[Stored items]
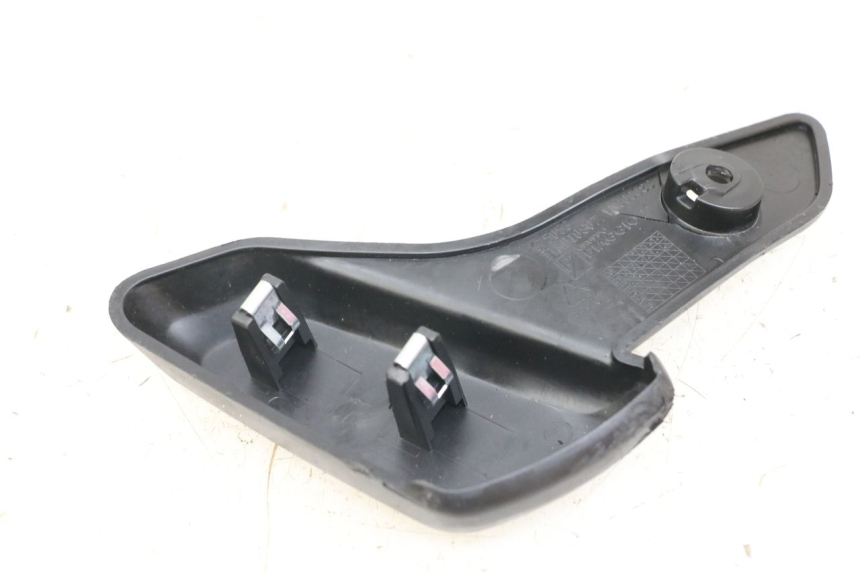 photo de REAR RIGHT FOOTREST PIAGGIO VESPA PRIMAVERA 4T 50 (2021 - 2024) - Technical close-up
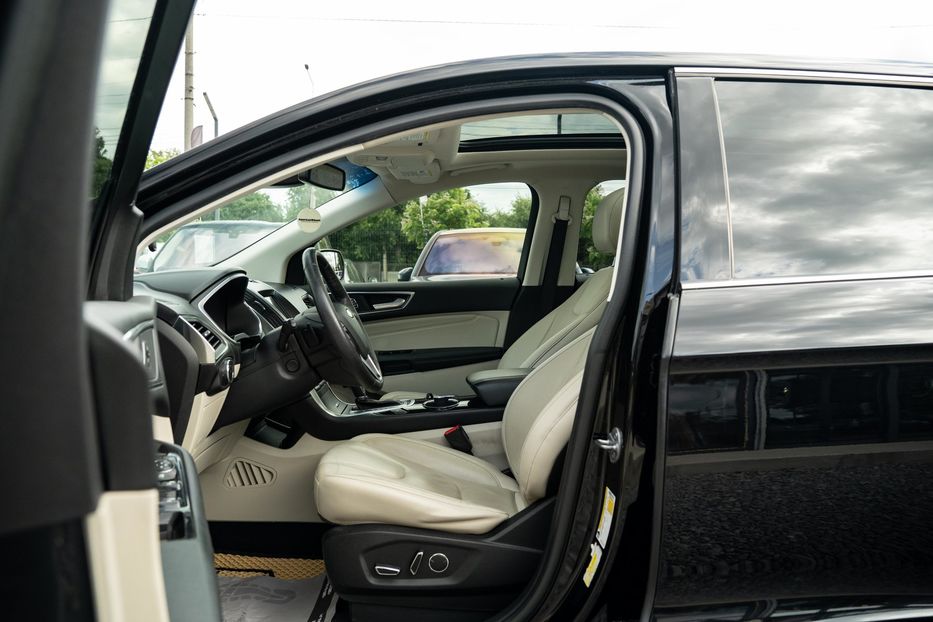 Продам Ford Edge Titanium 2018 года в Черновцах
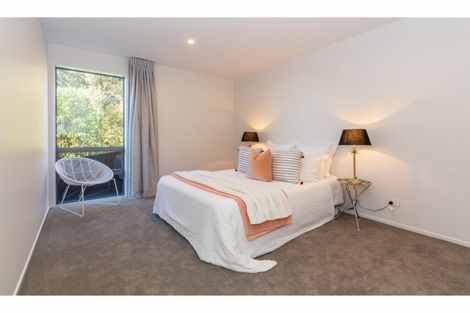 Photo of property in 10 Hilltop Lane, Mount Pleasant, Christchurch, 8081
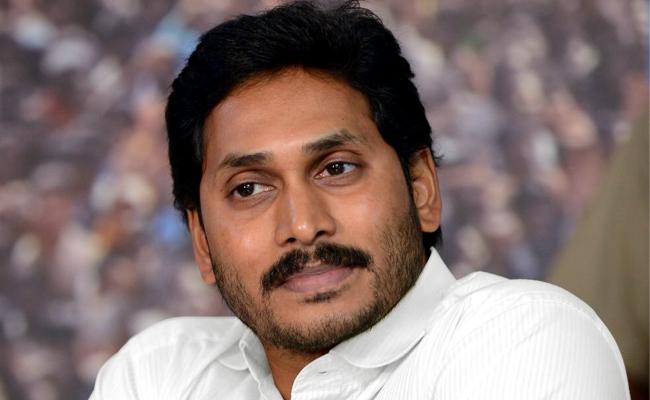 Telugu Advocates In Delhi Stand By Jagan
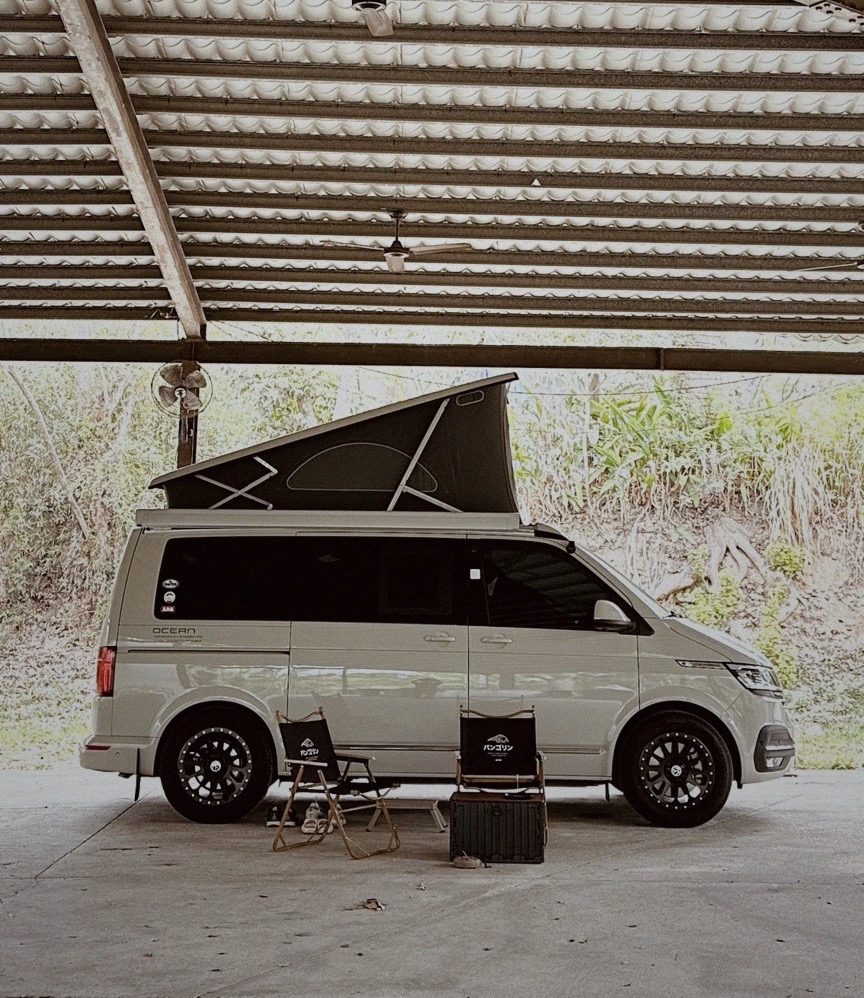 露營車側邊與車外休息區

# What is needed
A word-for-word copy is needed of the lines from the line holding "Photo of property" through the end of the records, both included, excluding every picture.

# Written answer
 Photo of property in 10 Hilltop Lane, Mount Pleasant, Christchurch, 8081
 Telugu Advocates In Delhi Stand By Jagan
 露營車側邊與車外休息區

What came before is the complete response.